▸ Supplied data
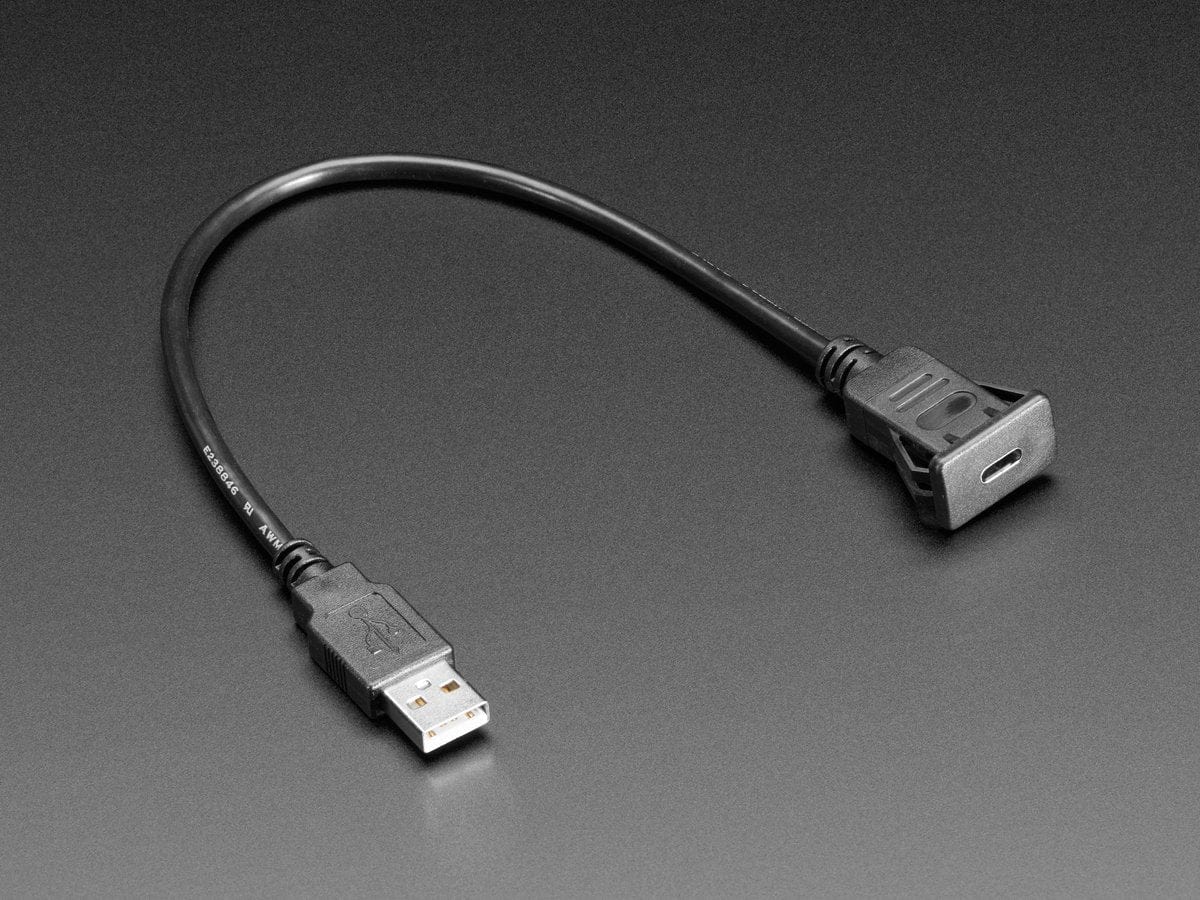 Snap-In Panel Mount Cable - USB-C Socket to USB-A Plug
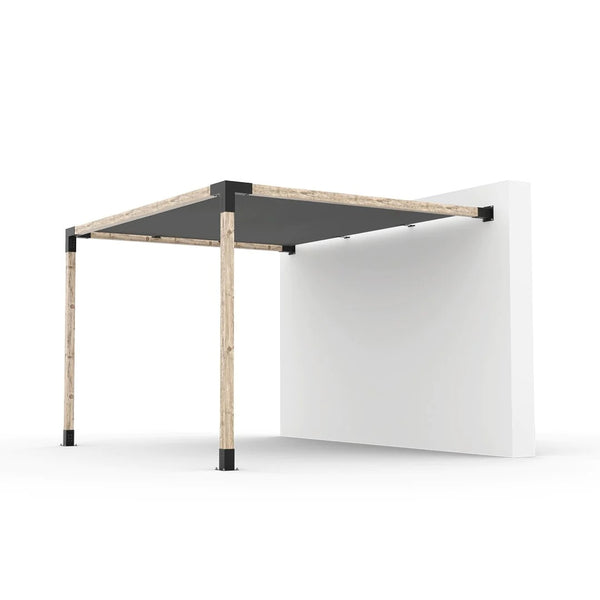Toja Grid Wall Mount Pergola Kit with SHADE SAIL for 4x4 Wood Posts, 10' x 12' -Graphite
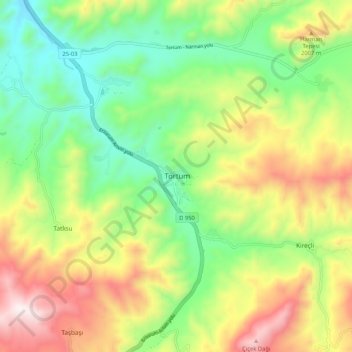 Topografische Karte Tortum, Höhe, Relief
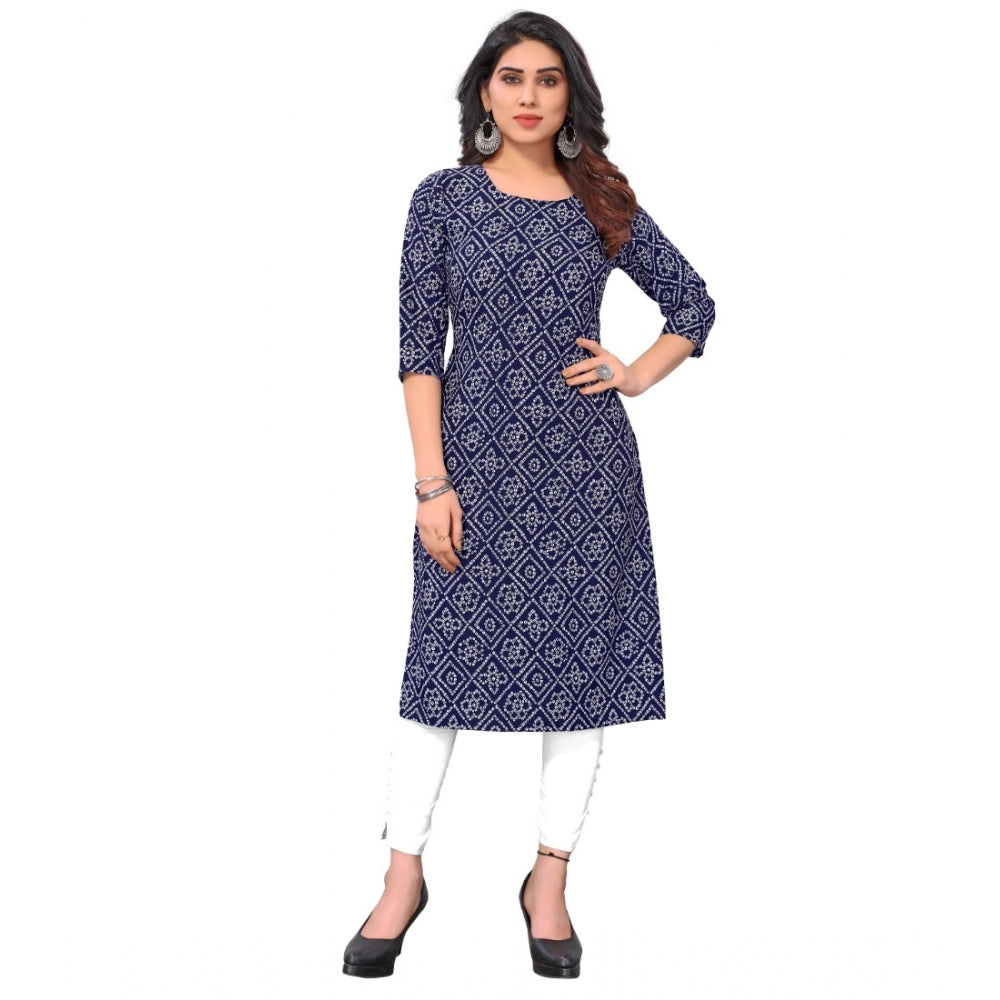 Amfyn Women's Casual 3/4th Sleeve Bandhani Printed Crepe Kurti (Navy Blue)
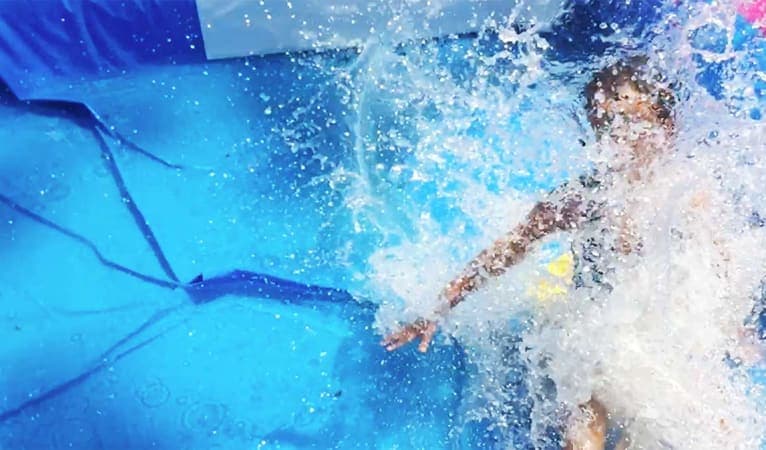 USA Frozen Inflatable Slide w/ Pool Sky High Party Rentals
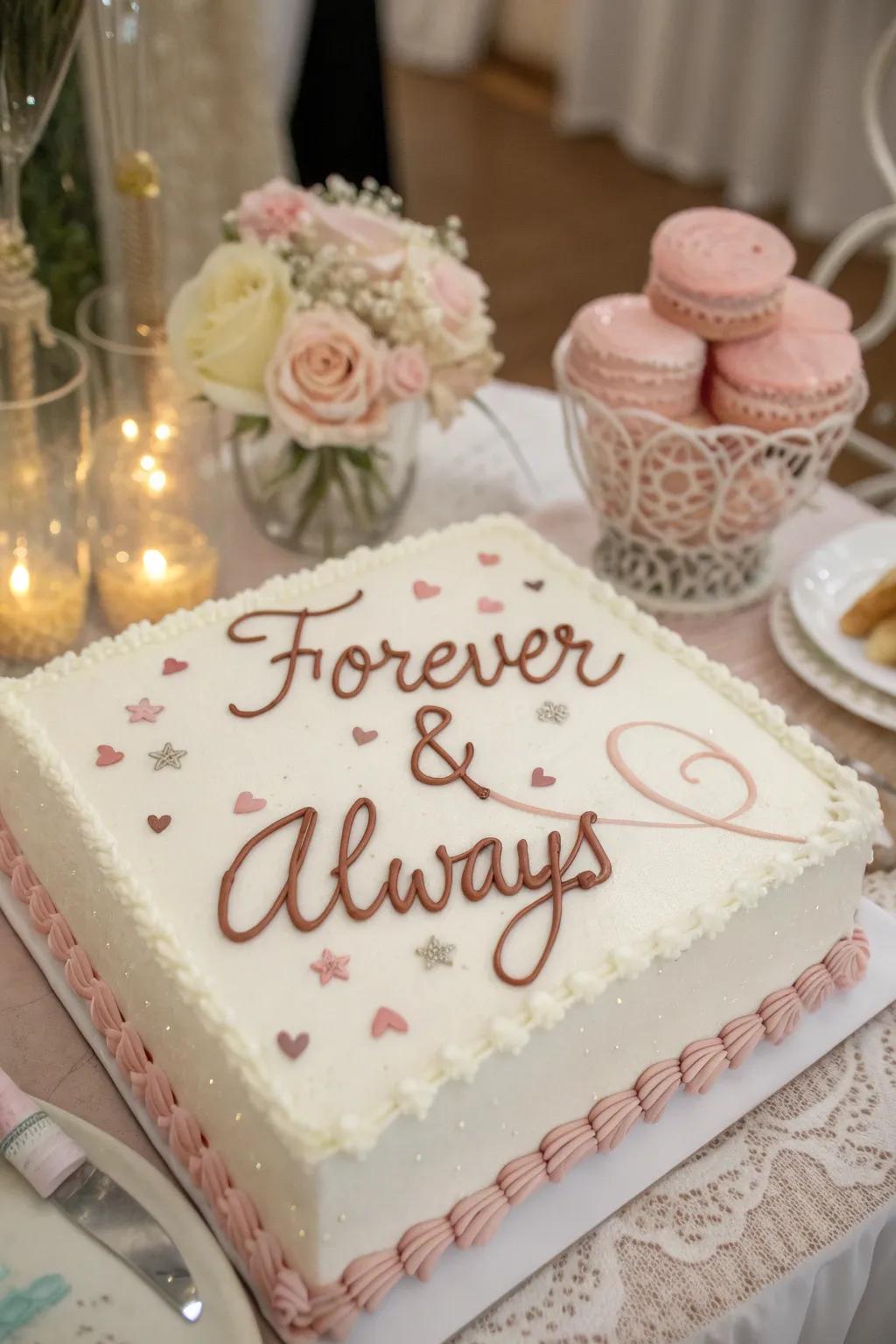 An engagement sheet cake displaying a heartfelt message.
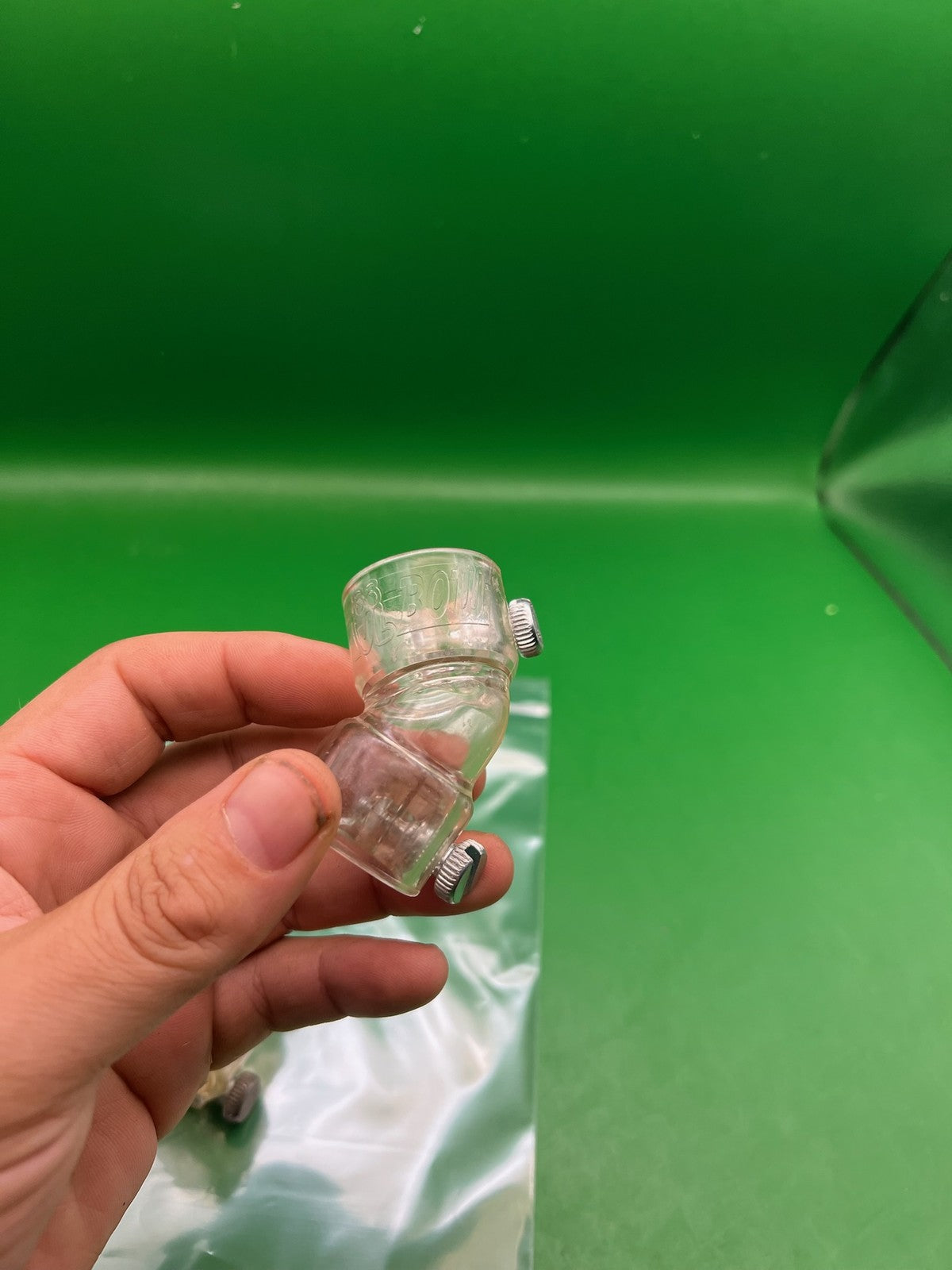 Pair of Two Clear Paintball Right Feed Elbows - used paintball feed elbow - clear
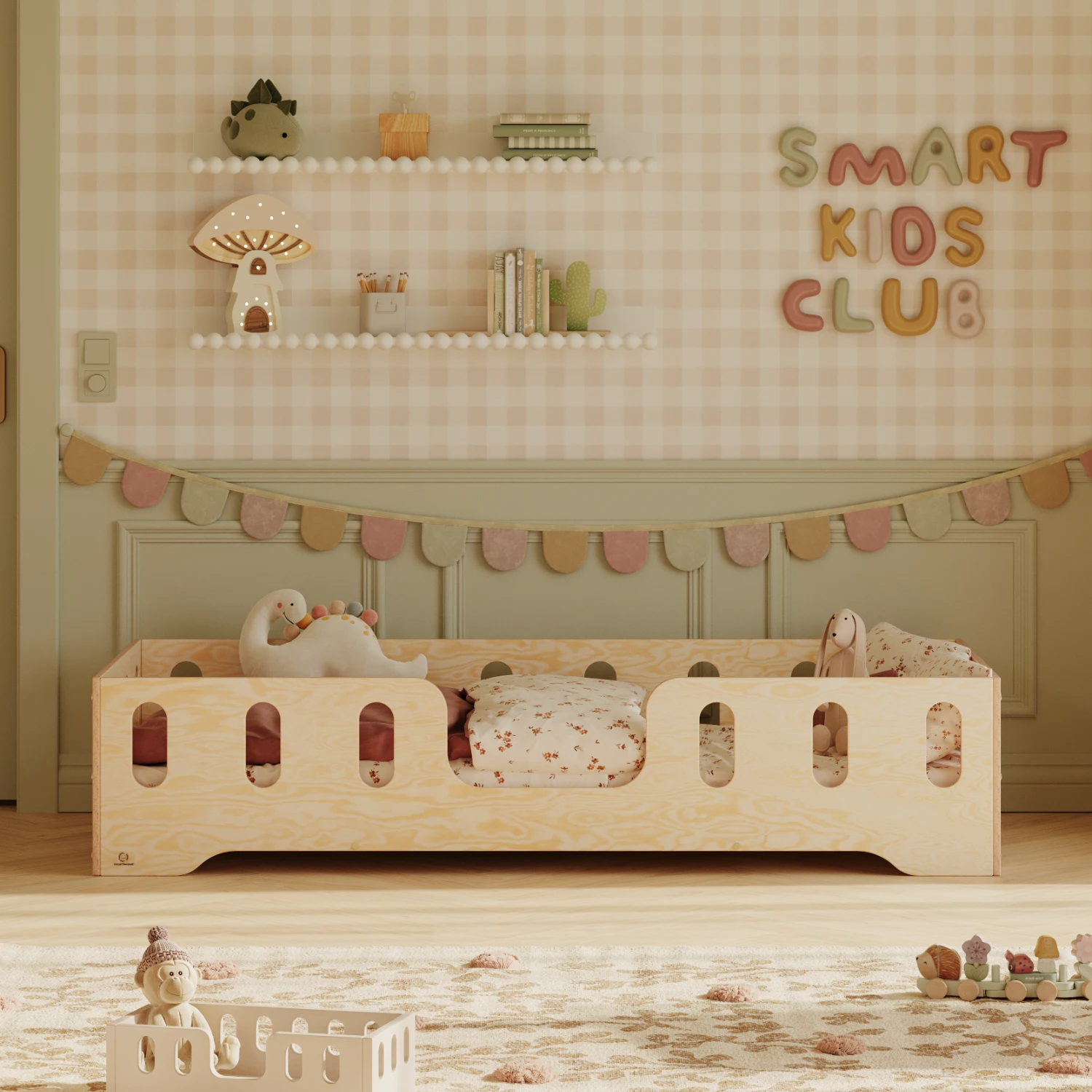 Lit simple en bois pour enfant avec barrière de sécurité et sommier TILA 2 Montessori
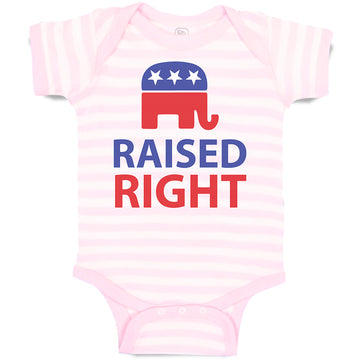 Baby Clothes Raised Right with An American Republican Flag Baby Bodysuits Cotton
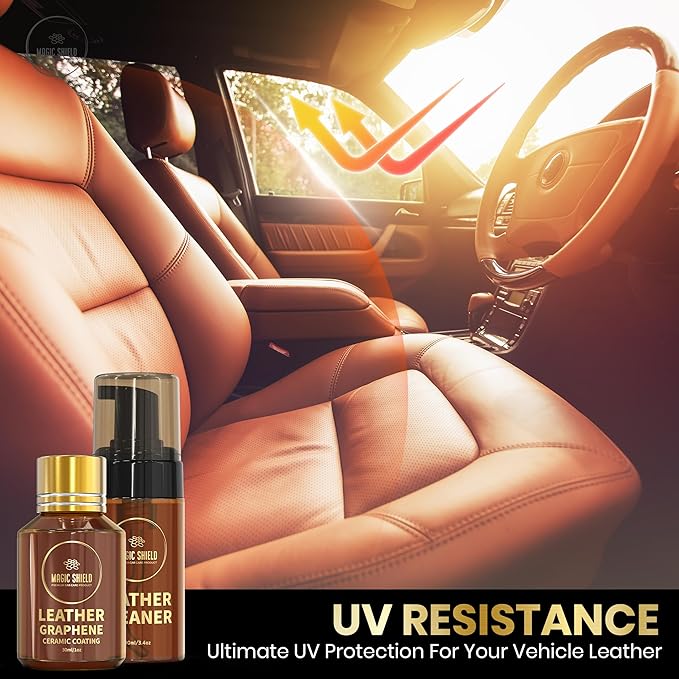 Graphene Leather Care Coating- Lasts 5 Years+ in Real World - Advance SiO2 Protection, UV & Water Resistant, Perfect for Cars, Motorcycles, Marine, RVs, Furniture and Shoes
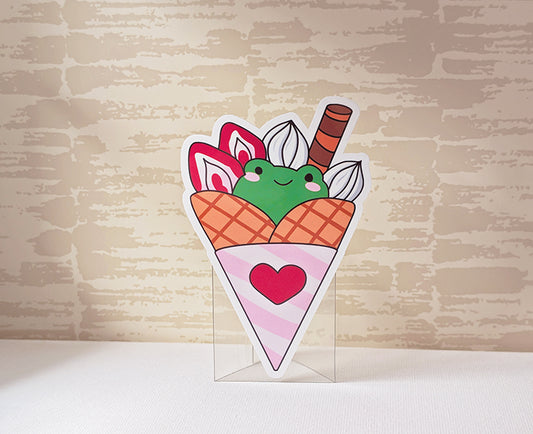 Froggy Hiding In My Dessert Sticker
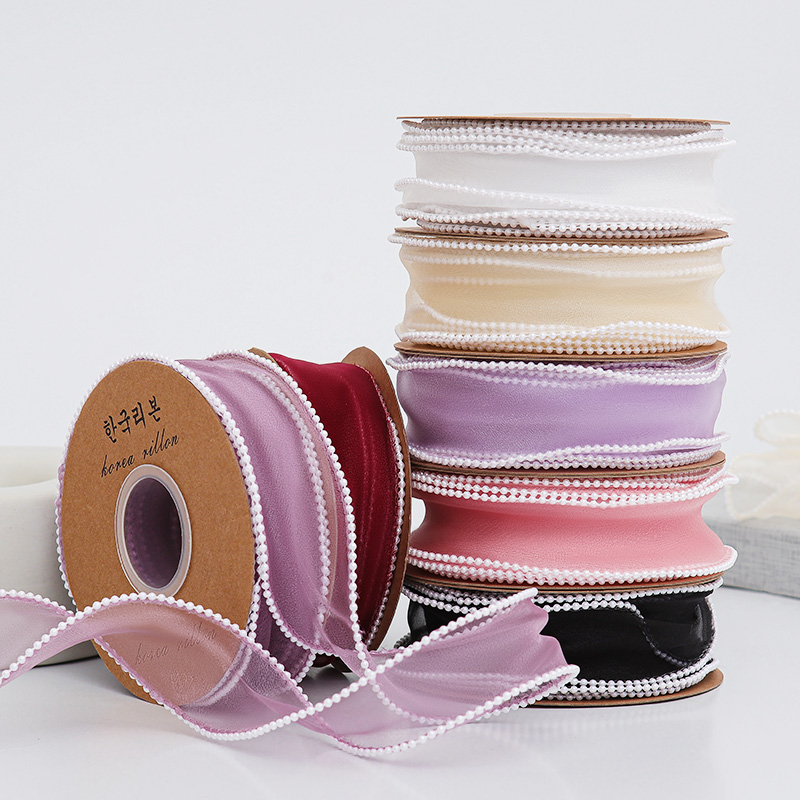 Pearl Fish Tail Yarn Flower Gift Bouquet Packaging Ribbon, Bow Mesh Pearl Ribbon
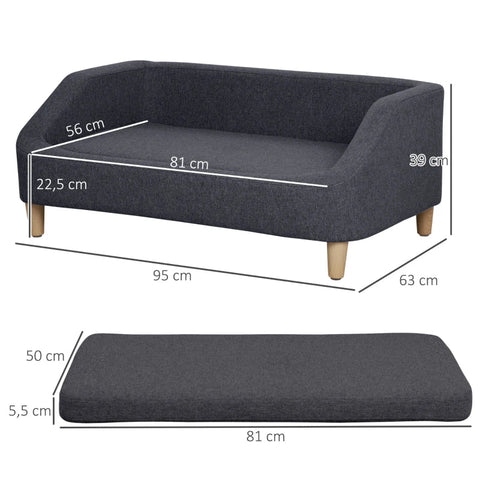 Rootz Dog Sofa - Pet Sofa - Medium - Large Dogs - Dog Couch - Raised Design - Dog Chair - Wooden Legs - Foam - Plastic - Dark Gray - 95 X 63 X 39 Cm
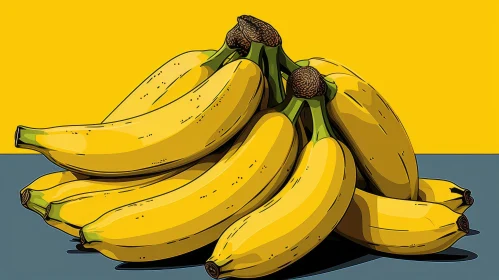 Yellow Bananas Cluster Illustration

▸ Exercise requirements
Produce a verbatim copy of all records, minus pictures.

▸ Task solution
 Snap-In Panel Mount Cable - USB-C Socket to USB-A Plug
Toja Grid Wall Mount Pergola Kit with SHADE SAIL for 4x4 Wood Posts, 10' x 12' -Graphite
 Topografische Karte Tortum, Höhe, Relief
 Amfyn Women's Casual 3/4th Sleeve Bandhani Printed Crepe Kurti (Navy Blue)
 USA Frozen Inflatable Slide w/ Pool Sky High Party Rentals
 An engagement sheet cake displaying a heartfelt message.
 Pair of Two Clear Paintball Right Feed Elbows - used paintball feed elbow - clear
 Lit simple en bois pour enfant avec barrière de sécurité et sommier TILA 2 Montessori
 Baby Clothes Raised Right with An American Republican Flag Baby Bodysuits Cotton
 Graphene Leather Care Coating- Lasts 5 Years+ in Real World - Advance SiO2 Protection, UV & Water Resistant, Perfect for Cars, Motorcycles, Marine, RVs, Furniture and Shoes
 Froggy Hiding In My Dessert Sticker
 Pearl Fish Tail Yarn Flower Gift Bouquet Packaging Ribbon, Bow Mesh Pearl Ribbon
 Rootz Dog Sofa - Pet Sofa - Medium - Large Dogs - Dog Couch - Raised Design - Dog Chair - Wooden Legs - Foam - Plastic - Dark Gray - 95 X 63 X 39 Cm
 Yellow Bananas Cluster Illustration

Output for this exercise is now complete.